Canada does not have federal endangered species legislation at this time, but Ontario is one of six provinces that have stand-alone Endangered Species Acts (B.T. Fowler, Co-Chair, Lepidopterans and Molluscs Specialist Subcommittee, COSEWIC, pers. comm. August 2002). Ontario’s Act prohibits the willful destruction of, or interference with, a regulated endangered species or its habitat. Five species of freshwater mussels that are currently listed as endangered by COSEWIC are found only in the Province of Ontario; these species are the northern riffleshell (Epioblasma torulosa rangiana), rayed bean (Villosa fabalis), wavy-rayed lampmussel (Lampsilis fasciola), snuffbox (Epioblasma triquetra) and Mudpuppy mussel (Simpsonaias ambigua). Since Ontario has not yet proceeded with regulating any of these species under the Act (A. Dextrase, Species at Risk Section, Ontario Parks, Ontario Ministry of Natural Resources, pers. comm. November 2001), freshwater mussels currently do not benefit from this legislation.
The Federal Fisheries Act may represent the most significant legislation protecting freshwater mussels and their habitat in Canada at the present time. Fish are broadly defined under the Act to include shellfish, although the intent was to protect marine shellfish harvested for human consumption. The protection of fish and fish habitat may indirectly protect the habitat of O. subrotunda and other species of freshwater mussels. The collection of live mussels is theoretically “fishing” and would fall under the Ontario Fishery Regulations that are made under the Federal Fisheries Act. No permits have been issued for the collection of live mussels in Ontario (J. Maffei, Lake Erie Management Unit, pers. comm. May 2001). The Provincial Policy Statement under Section 3 of the Planning Act provides for protection from development and site alteration in significant portions of the habitats of threatened and endangered species. Other mechanisms for protecting mussels and their habitat in Ontario include the Ontario Lakes and Streams Improvement Act, which prohibits the impoundment or diversion of a watercourse if it would lead to siltation; and the voluntary Land Stewardship II program of the Ontario Ministry of Agriculture, Food, and Rural Affairs, which is designed to reduce erosion on agricultural lands. Stream-side development in Ontario is managed through flood plain regulations enforced by local Conservation Authorities. In the East Sydenham River, where three live O. subrotunda have been found in recent years, 85% of the land is privately owned and in agricultural use (Staton et al. 2002).

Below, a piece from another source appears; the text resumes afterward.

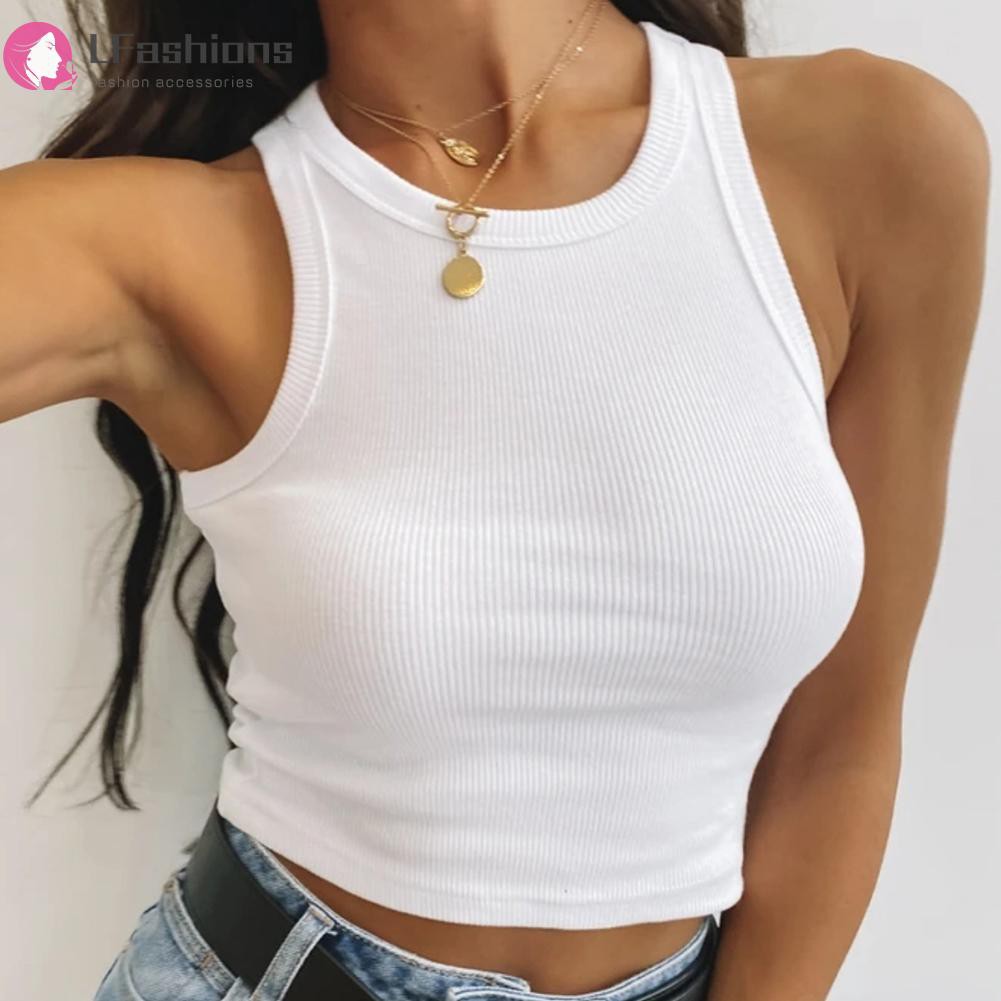 Áo Croptop Sát Nách Cổ Tròn Thiết Kế Màu Trơn Thanh Lịch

The only significant population of O. subrotunda left in Canada is located in the waters of the St. Clair delta, within the territory of the Walpole Island First Nation. The shoreline consists of natural marshland, and is completely undeveloped. Special permission from the band council is required in order to access the area, so it is largely undisturbed. The Walpole Island First Nation is committed to preserving their natural heritage, and have adopted the following philosophy statement (in part) concerning the environment: “To preserve, enhance and maintain a mutual respect and to continue our beneficial dependency upon the environment, we shall endeavor to co-exist with Mother Nature and protect this relationship” (C. Jacobs, Walpole Island Heritage Centre, pers. comm. Oct. 2001). The Walpole Island Heritage Centre is aware of the presence of O. subrotunda within their territory, and of the national significance of the population.